Blantyre-based lawyer and activist Mzati-Kidney Mbeko feels it is high time the law was revised to accommodate those women who may opt for safe abortion without fearing the wrath of the law.

“We need to move with the times. We are still stuck with old pieces of legislation the colonial masters left us long time ago. The colonialists themselves have moved on and conformed to the needs of the modern world.

“This country is a signatory to the Maputo Protocol on health and reproductive rights, but why being signatories to international charters we can’t commit to?” he wondered.

But village head Bubua of Ntcheu says if not properly checked, giving women and girls unrestricted access to safe abortion could encourage promiscuity.

“I feel making abortion legal in the country will take away some customary rights from men because women may begin deciding on their own to terminate a pregnancy. Maybe if we can revisit our thinking on who is the custodian of a pregnancy. We also need to establish when life begins. Is it during conception or at birth? This will help us to ascertain whether we are not terminating another life during abortion,” said Bubua.
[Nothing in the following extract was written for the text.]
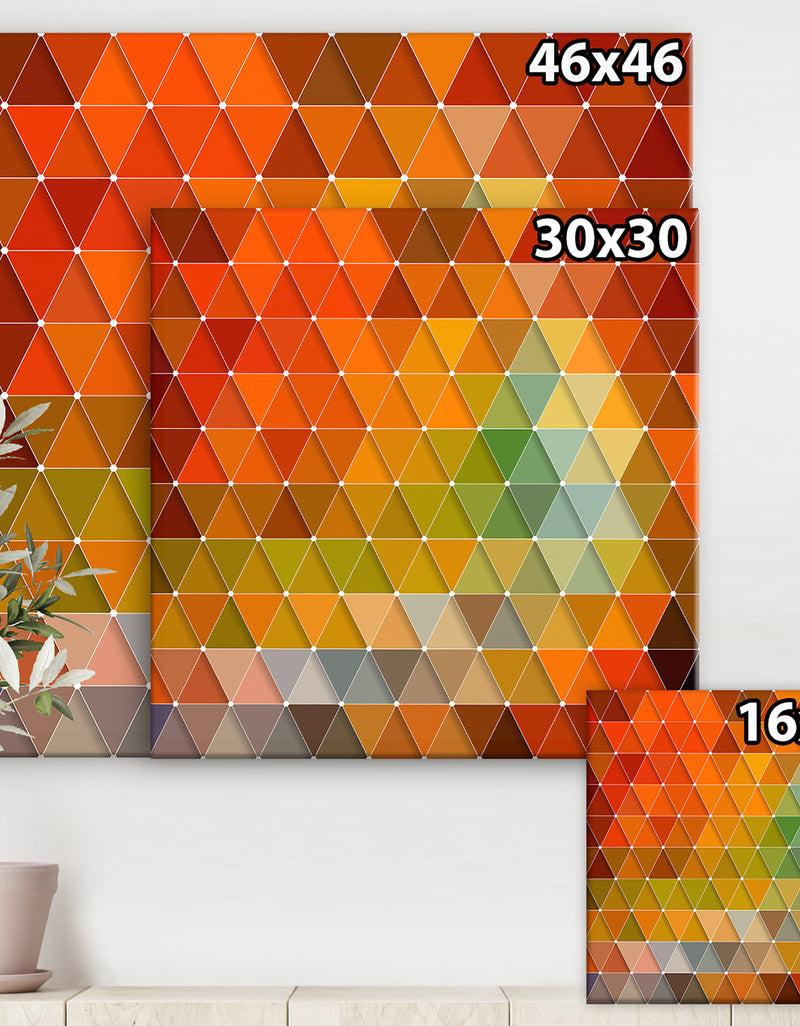 Designq Triangular Geometry Red Gray And Green - Modern & Contemporary Canvas Artwork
Reacting to the village head’s sentiments, Mhango said their advocacy is not for wholesale abortion.

“Actually, we hope there will be some wide consultations before finally settling for the proposed law reform, just as is the case with all similar processes. The law should have clauses to check the act of termination of pregnancy.

“There will be some rules governing the act and we can’t act as savages living in a state of lawlessness. All we want is to safeguard the lives of the mothers, who, for now, may be terminating unwanted pregnancies in an unsafe manner,” he said.

So far, Copua has engaged traditional leaders and government agencies through its Youth leadership for Action on Reproductive Health in Malawi with funding from IPAS.

Centre for Youth and Children Affairs (Ceyca) adds its voice to the demand for a law that supports abortion.

Ceyca executive director Commissioner Rodgers Newa said: “It’s [the advocacy for the law] actually in our domain. The youth should not sit and wait for legal reforms that have a bearing in their lives. They are not going to come unless they take the issues head-on themselves.”